Total cost of the lettering by Mac the Knife was: $200.

So while we have a considerable investment (nearly $700) in our original cover, she is beautiful and will surely last us a lifetime of enjoyment! yes, its secured in place!


Below are some photos of our rear tire carrier hardware.

This is the optional feature that sold for the $33 in 1973 when our first owner (we are owner #5) purchased our 1973, 28 foot LaGrande.

We have yet to do a repaint on this. It honestly does not show since the cover is on, but at some point we will repaint it completely. The photos may help those of you who are chosing to have one fabricated. To the best of our knowledge there is no one who currently has these for sale in stock, so you would need to be lucky enough to find one from a parts salvager. NOTE, we believe that the 1980 models and newer of Avions had a very different configuration and system for spare tire storage.

It should be noted that this carrier is really hefty and well made. It is securely welded to the round bumper. We have since installed a clamped on (with long bolts) hitch receiver so that we can mount a bike carrier or a storage shelf on the back of our bumper when needed.
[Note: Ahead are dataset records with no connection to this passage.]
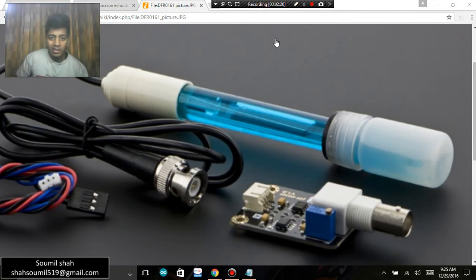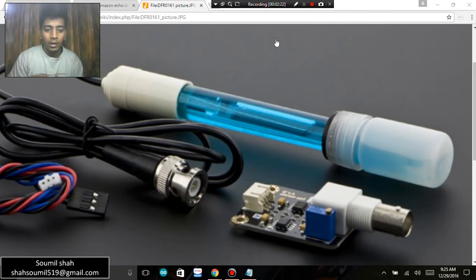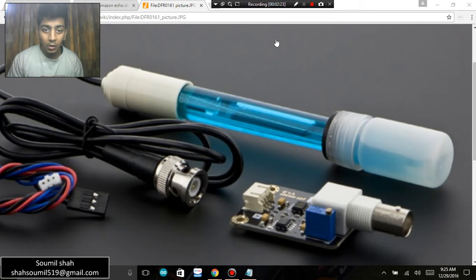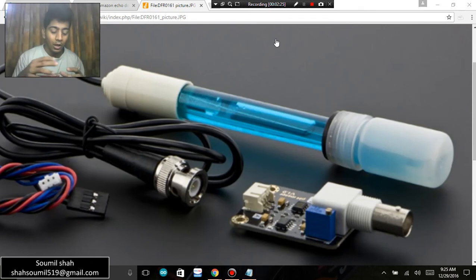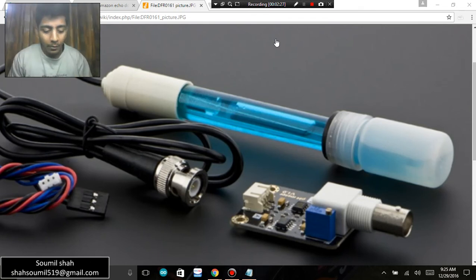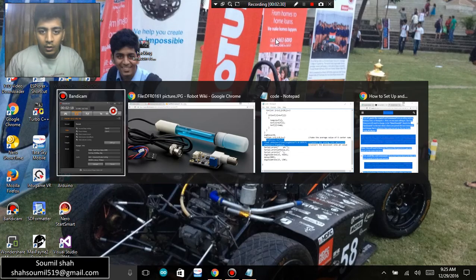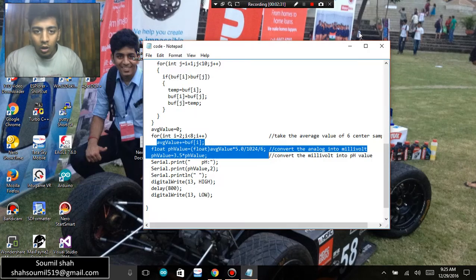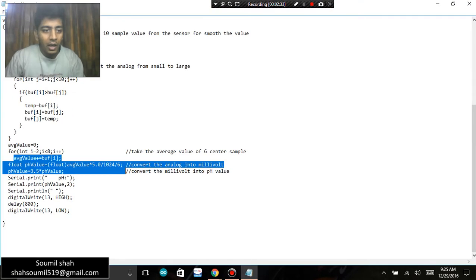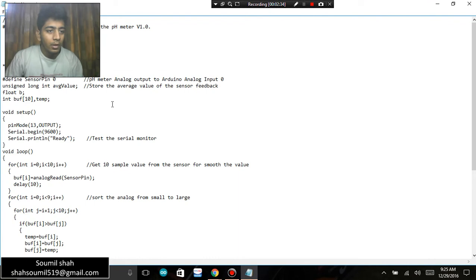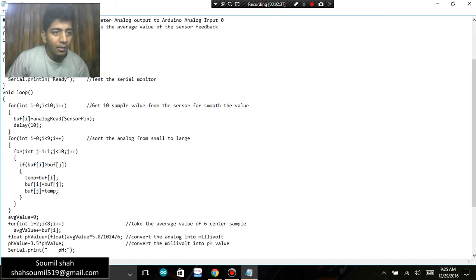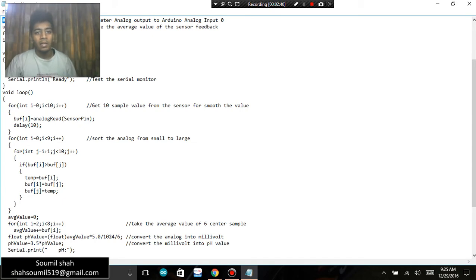Let's jump into the coding part. What is the code, how to write the code and stuff. Alright, so here we have the program itself. First of all I'm defining a sensor pin as zero, that means I'm attaching the sensor output pin at analog A0 of Arduino microcontroller.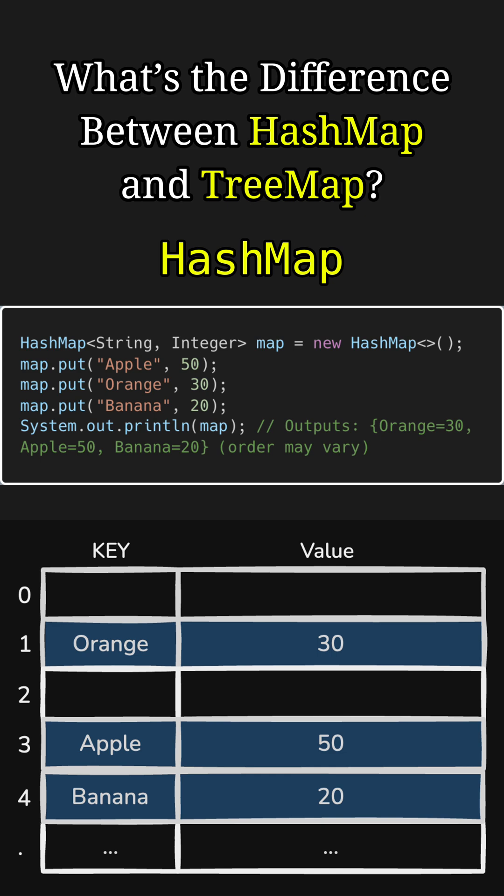For example, here we create a HashMap and add the keys apple, orange, and banana with values 50, 30, and 20. And now if we print this map, we will get output in any order like orange, apple, and banana. It is neither in insertion order nor in any alphabetical order, but it depends on the hash distribution.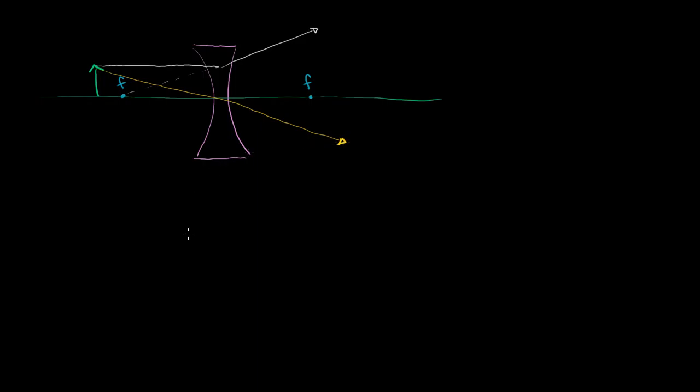So what will the image be here? Well, clearly these two rays don't converge, so we won't have a real image. But they do both look like they're diverging from someplace, right over there.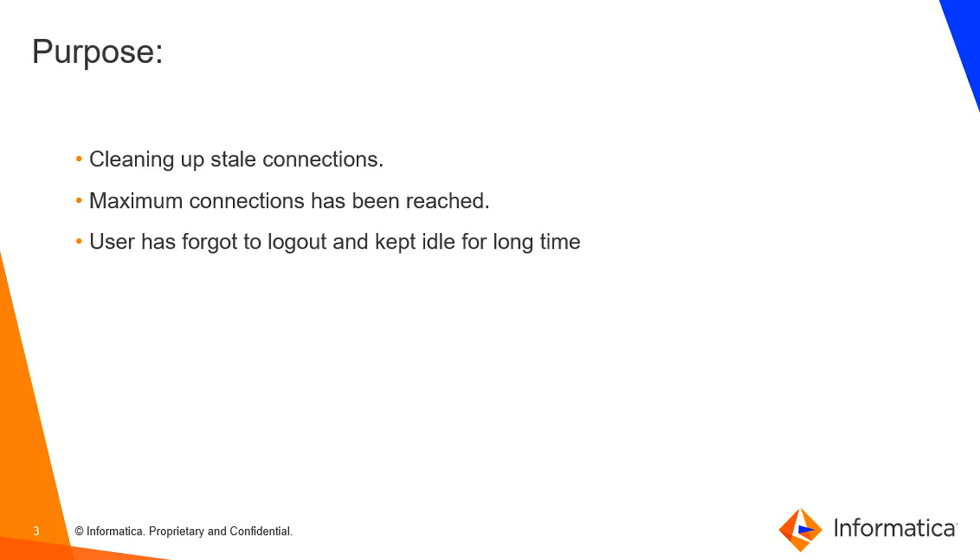These are a few purposes where you would want to kill the user connection. Now let's see a demo.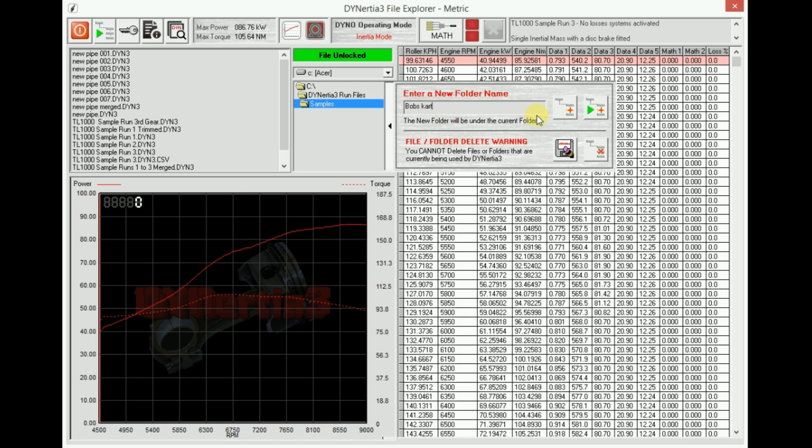We can save that now to create a new folder, or generally speaking you'll be using this one with the green triangle, and that means we'll create a folder but we'll make it the default path. So whenever we do any testing in the future, that will be the location that the runs are saved unless we tell it otherwise.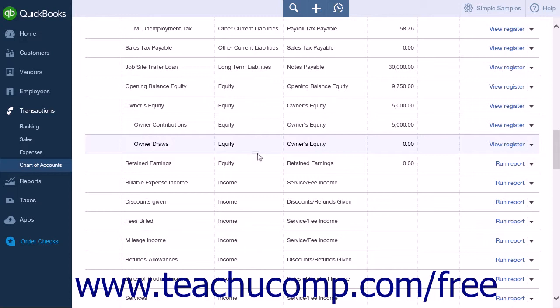You will want to create a new vendor for each owner or partner. You may also want to create a user for each owner or partner. However, depending on the number of users you currently have available within QuickBooks Online Plus, this may not be a viable option.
One of our plans include attaching vintage metal coolers (aluminum skinned, bought on Ebay, $25-45) to the rear bumper to serve as extra storage area for sewer hose, and spare electrical cords. They can also double as ice chests for beverages once set up at camp. They even have bottle openers built into their side handles! The original hollow bumpers are too small of a diameter to handle modern sewer hoses and couplers. We DO however keep a spare 30 amp RV power cord in stuffed in there and snake it out when needed…which has happened that we need an extension to our regular built in cord. For example, at Sampson State Park in the Finger Lakes of NY.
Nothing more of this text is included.